O local estava cheio, muito mais mulheres do que homens. Nunca entendi esse resultado totalmente desproporcional na maioria dos lugares, mas enfim, lá estava eu sentada em uma mesa, em um cantinho a meia luz, cercada de corações emborrachados, pendurados por linha de nylon, fixados em todo teto.
Era muito amor envolvido.
Minha amiga parecia um radar captando qualquer vibração do ar, como se ele falasse e indicasse o caminho de tijolos dourados para Oz. Eu me contentava em comer e beber como se tivesse acabado de chegar de um deserto.
Em algum momento, ela fixou os olhos em um moreno de meia idade do outro lado, mas o desprender da prótese dentária do camarada em questão, seguida pelo bater de dentes, involuntário dele, fez com que a minha desesperada amiga desistisse de acertar o alvo e desse lugar a um escandaloso riso de nervoso.

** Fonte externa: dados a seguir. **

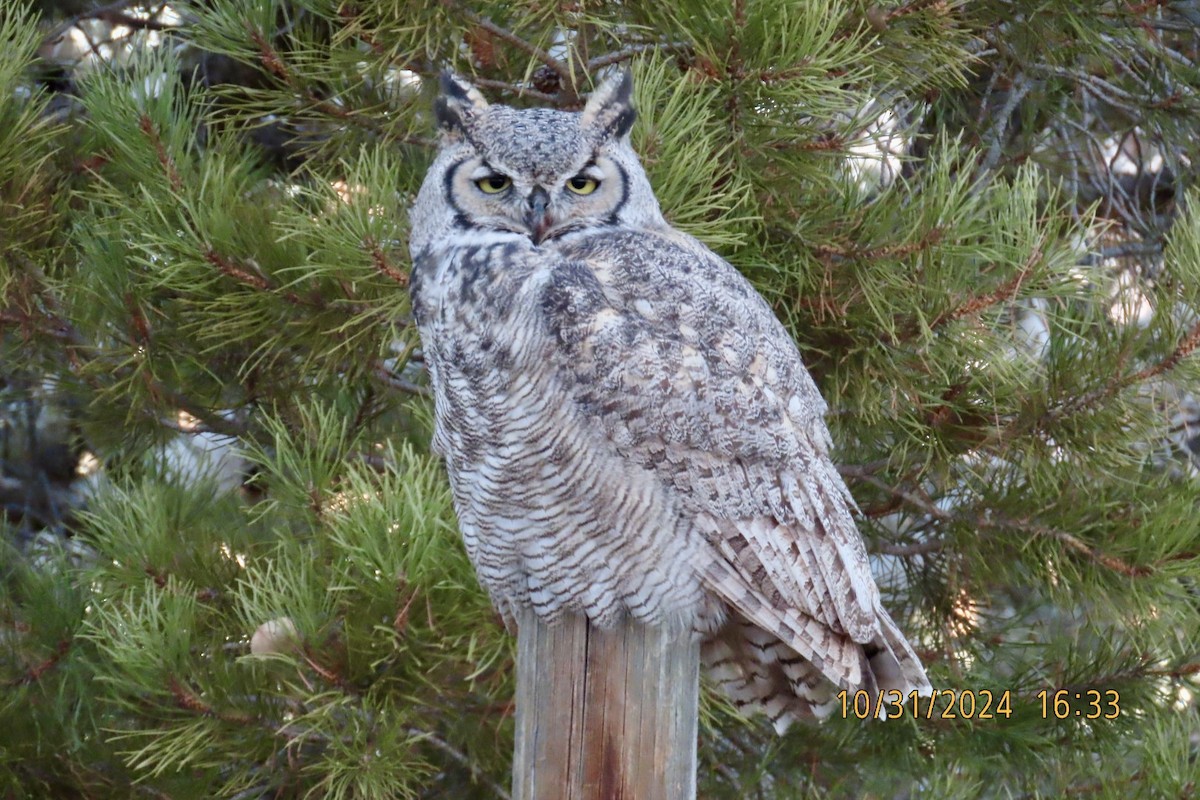 Great Horned Owl - ML625674145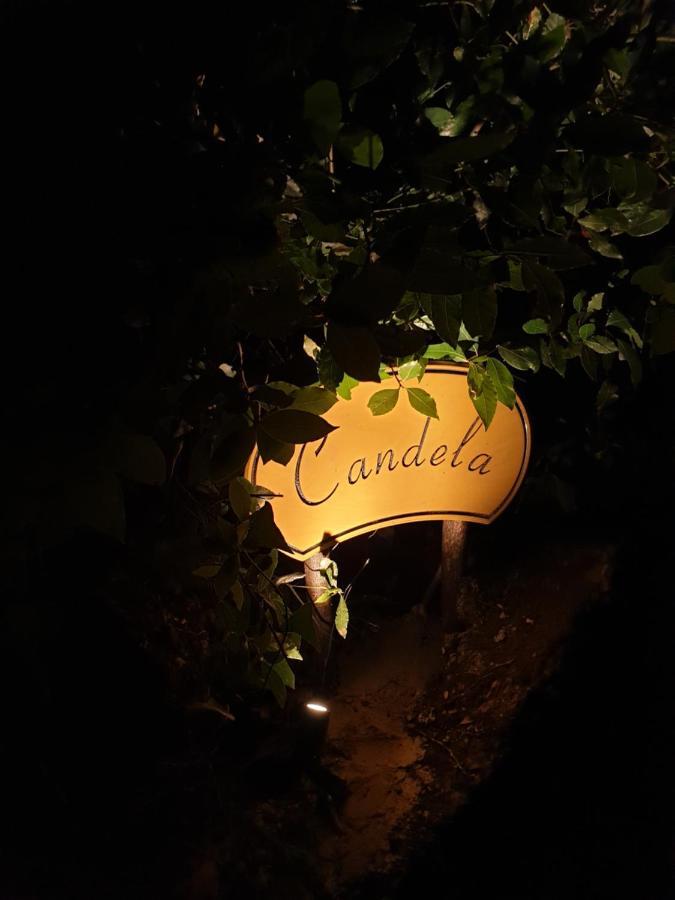 Candela Evropouloi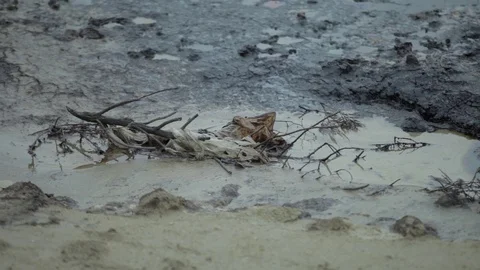 A lake polluted with oil Stock Footage 86837146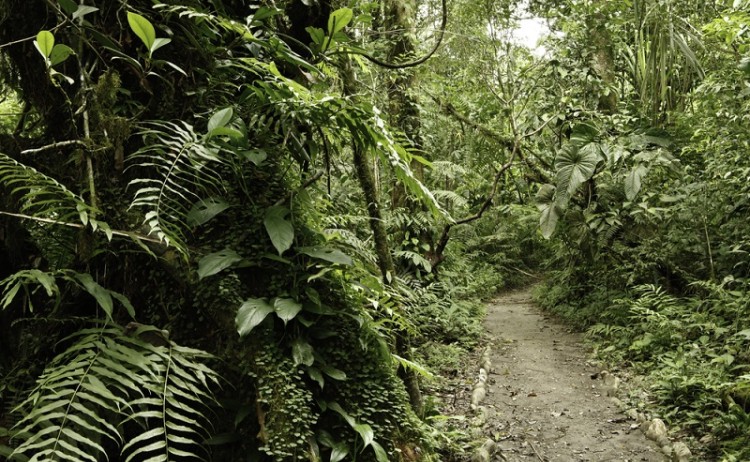 Amazon Bolivia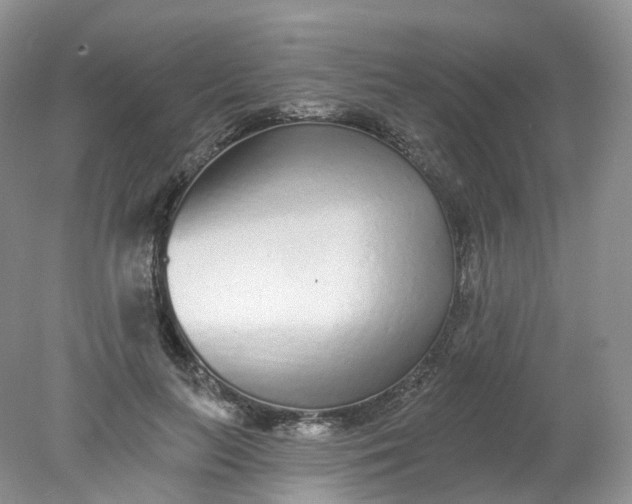 X0000078310647200611172216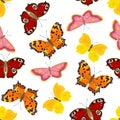 Multicolored cartoon butterflies seamless pattern. Vector spring flat illustration. Natural background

Desanimada, sem nada verdadeiramente atrativo aos seus olhos, ela começou a sugerir alguns lugares para que a gente conhecesse em uma viagem bem planejada, com direito a uma parada em Aruba, até que entra pela porta principal do salão um homem lindo, alto, segurando a chave de um carro e um celular de última geração nas mãos, bem vestido e cheiroso, acompanhado por duas amigas visivelmente apaixonadas por ele.
Sentaram em uma mesa perto da nossa. Rapidamente minha amiga desfez das malas e das passagens imaginárias com as quais estávamos sonhando e voltou para o badalar dos sinos com direito a vestido branco.
Como um homem daquele vem a um encontro de sóis e ainda por cima ofusca todos os outros candidatos do local?
Era bem tarde e o sono já batia em minha porta, eu já estava empanturrada de tanto comer e tomar todos os sabores de refrigerantes e sucos disponíveis. O açúcar gritava em meu sangue , meu raciocínio comprometido. Eu já estava rindo pra todo mundo, não sabia mais onde estava nem quem eu era. Minha amiga havia renovado forças com a chegada do bonitão e o radar estava a mil por hora.
Em determinado momento da programação houve a abertura do show de talentos, onde os sóis poderiam mostrar suas habilidades. Nem me atrevi! Minha amiga lamentou o esquecido berimbau em casa. Pensa!
Nosso ofuscante e majestoso participante, munido de um violão, que não faço ideia de onde surgiu, subiu no palco improvisado e apresentou-se antes de tocar:
- Boa noite a todos. Eu sou gay...
Pausa pra mim que comecei a rir descontroladamente olhando para a cara pálida de minha amiga, totalmente transtornada. O mundo feminino havia se rompido em milhões de pedacinhos, junto com a esperança lavada das solteiras em questão.
O bonitão continuou:
- Glaydstone. Vou tocar para vocês uma famosa dos anos oitenta.
Às vezes o nosso desesperado coração, já cansado de tantas batalhas, de finais e recomeços, confunde nossos ouvidos e mente, abalando as nossas estruturas, nos pregando uma peça.
Estamos sempre inclinados para a decepção e esquecemos que às vezes nem tudo o que reluz é ouro, nem tudo que balança cai.
Ps: No final, minha amiga trocou o número de telefone com o bonitão, vão se encontrar qualquer dia desses. Quanto as acompanhantes dele, eram suas irmãs mais novas. Veja só!
E eu, depois de ter chupado a minha metade da laranja durante uma forte gripe, sigo acompanhada de minha máquina fotográfica por esse mundo de meu Deus, registrando tudo.